= Joseph Pramberger =

Joseph J. Pramberger (1938–2003) was a piano engineer/designer and the founder of the Pramberger Piano Company.

==Lineage==
The Pramberger family's history of piano craftsmanship dates back to the late 18th century in the Black Forest of Germany. Johann Joseph Pramberger, born in 1779, began making pianos in Vienna, Austria. Joseph Pramberger's father, Anton, began his apprenticeship at an early age handcrafting fine works of art, becoming a Master Artisan in the tradition of Old World European craftsman. The Pramberger family decided to leave war-torn Europe for the United States at the urging of family members who had been working at Steinway & Sons since 1913, in Astoria, New York. Anton had been promised work at the piano factory. There, he put his skills to work, dedicating 25 years as a Pattern Maker and designing and creating the equipment required to build fine pianos.

==Career==
When Anton came to the United States in 1950, he brought his son, Joseph Pramberger, who would become the modern-day link in the Pramberger lineage of piano makers. Starting in 1958, he honed his craft at Steinway & Sons, where he spent 29 years perfecting his skills, first as an apprentice, then as a Design and Project Engineer, then as Vice President of Manufacturing.

Joseph further expanded his skills as a mechanical engineer at New York University in 1966, by studying, refining and documenting established piano making operations. He traveled the world visiting and consulting with suppliers and major piano manufactures in the U.S., Europe, Japan and Korea.

In 1987, he formed his own company, Pramberger Piano Ltd., where he and his father Anton worked together in the restoration and rebuilding of pianos.

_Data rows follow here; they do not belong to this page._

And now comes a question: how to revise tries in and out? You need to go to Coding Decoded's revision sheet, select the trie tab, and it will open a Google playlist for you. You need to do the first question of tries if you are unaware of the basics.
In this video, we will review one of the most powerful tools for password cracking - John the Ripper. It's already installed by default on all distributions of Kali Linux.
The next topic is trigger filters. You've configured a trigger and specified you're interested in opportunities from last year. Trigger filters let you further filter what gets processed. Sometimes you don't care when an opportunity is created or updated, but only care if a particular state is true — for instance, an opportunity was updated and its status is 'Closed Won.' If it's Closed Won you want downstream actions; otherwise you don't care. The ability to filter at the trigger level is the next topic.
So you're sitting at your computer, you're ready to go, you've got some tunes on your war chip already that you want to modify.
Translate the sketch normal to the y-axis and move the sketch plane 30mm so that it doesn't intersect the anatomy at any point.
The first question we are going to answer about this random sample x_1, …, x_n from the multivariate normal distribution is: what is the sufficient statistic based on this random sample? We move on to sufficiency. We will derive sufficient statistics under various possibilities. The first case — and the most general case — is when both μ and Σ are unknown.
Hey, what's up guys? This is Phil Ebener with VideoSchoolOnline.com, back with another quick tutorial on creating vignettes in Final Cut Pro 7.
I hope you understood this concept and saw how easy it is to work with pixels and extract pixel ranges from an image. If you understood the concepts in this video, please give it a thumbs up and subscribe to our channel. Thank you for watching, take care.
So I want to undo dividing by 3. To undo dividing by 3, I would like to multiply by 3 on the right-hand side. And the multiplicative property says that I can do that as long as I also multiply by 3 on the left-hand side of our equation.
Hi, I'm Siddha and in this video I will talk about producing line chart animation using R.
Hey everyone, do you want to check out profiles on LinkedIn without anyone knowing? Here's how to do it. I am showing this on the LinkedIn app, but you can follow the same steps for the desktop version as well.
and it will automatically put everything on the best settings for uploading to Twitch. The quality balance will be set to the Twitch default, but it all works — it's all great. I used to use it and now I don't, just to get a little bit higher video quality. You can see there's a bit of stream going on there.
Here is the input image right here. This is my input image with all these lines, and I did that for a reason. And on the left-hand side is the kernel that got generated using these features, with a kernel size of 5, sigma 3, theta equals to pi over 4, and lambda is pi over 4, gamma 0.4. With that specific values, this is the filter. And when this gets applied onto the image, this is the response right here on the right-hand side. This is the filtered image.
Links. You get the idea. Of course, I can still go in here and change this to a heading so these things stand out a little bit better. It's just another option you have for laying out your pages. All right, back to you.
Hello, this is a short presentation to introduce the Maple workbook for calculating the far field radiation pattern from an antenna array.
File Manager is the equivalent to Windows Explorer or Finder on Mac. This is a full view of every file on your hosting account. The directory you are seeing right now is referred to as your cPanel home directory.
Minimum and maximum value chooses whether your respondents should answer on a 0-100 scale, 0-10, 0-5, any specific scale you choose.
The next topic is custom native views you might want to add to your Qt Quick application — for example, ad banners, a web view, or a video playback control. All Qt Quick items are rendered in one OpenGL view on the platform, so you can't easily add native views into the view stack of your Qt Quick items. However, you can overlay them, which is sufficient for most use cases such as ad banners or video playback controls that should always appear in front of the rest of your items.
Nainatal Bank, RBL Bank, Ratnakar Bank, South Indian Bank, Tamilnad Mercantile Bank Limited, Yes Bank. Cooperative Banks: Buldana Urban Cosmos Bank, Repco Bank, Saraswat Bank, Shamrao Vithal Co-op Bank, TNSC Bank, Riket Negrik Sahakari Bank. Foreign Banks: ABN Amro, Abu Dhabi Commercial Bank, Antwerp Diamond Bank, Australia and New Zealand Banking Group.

Joseph joined Young Chang in 1995 where he made dramatic innovations in sound and action design to help improve the quality of their affordable grand pianos. That led the company to produce a new line called the Pramberger Series. Mr. Pramberger saw the culmination of his work in 2000 with the launch of his own piano line, the Pramberger Platinum Piano, which would continue to be produced for the next three years. The Pramberger Platinum series was the highest quality performance piano Young Chang had produced to that point. The action, manufactured with Renner parts, rivaled even the best German brands in that respect.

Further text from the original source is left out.